→ **Given information**

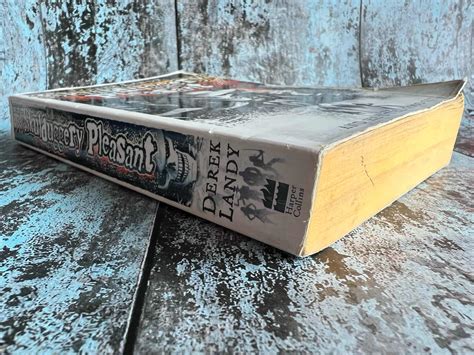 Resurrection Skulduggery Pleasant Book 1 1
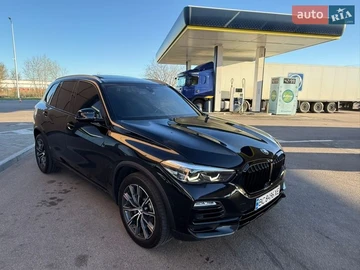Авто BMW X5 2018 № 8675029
...
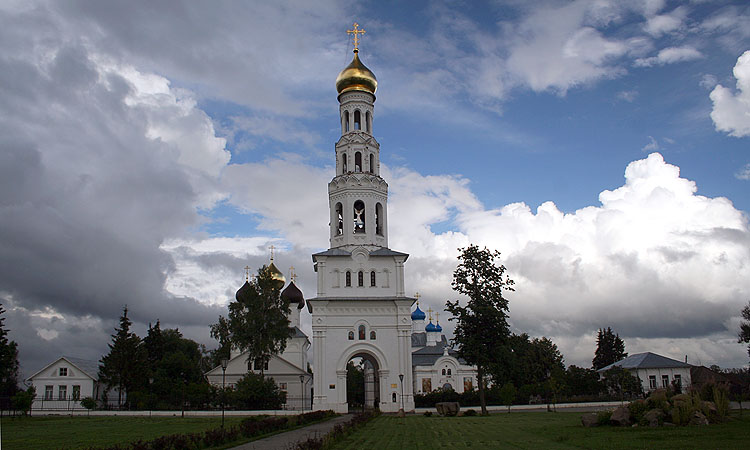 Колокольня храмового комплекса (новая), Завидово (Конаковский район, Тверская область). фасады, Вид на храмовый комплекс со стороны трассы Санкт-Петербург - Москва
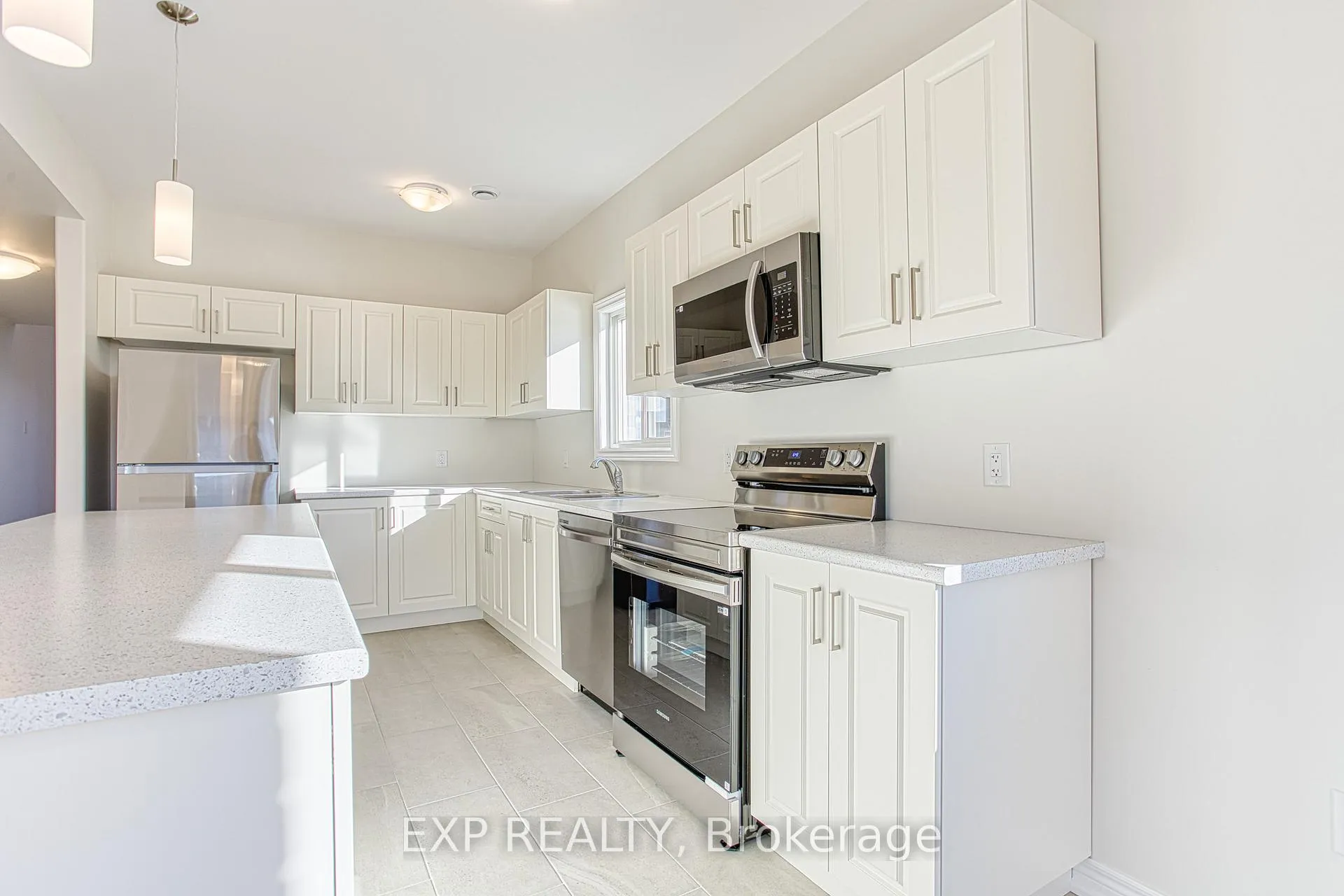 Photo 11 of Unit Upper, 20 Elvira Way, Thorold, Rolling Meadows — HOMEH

→ **Exercise instructions**
Word for word, write out the lines above running from the one with "Resurrection Skulduggery Pleasant Book 1 1" up to and including the one with "Авто BMW X5 2018 № 8675029". Drop any picture.

→ **Solved problem**
 Resurrection Skulduggery Pleasant Book 1 1
Авто BMW X5 2018 № 8675029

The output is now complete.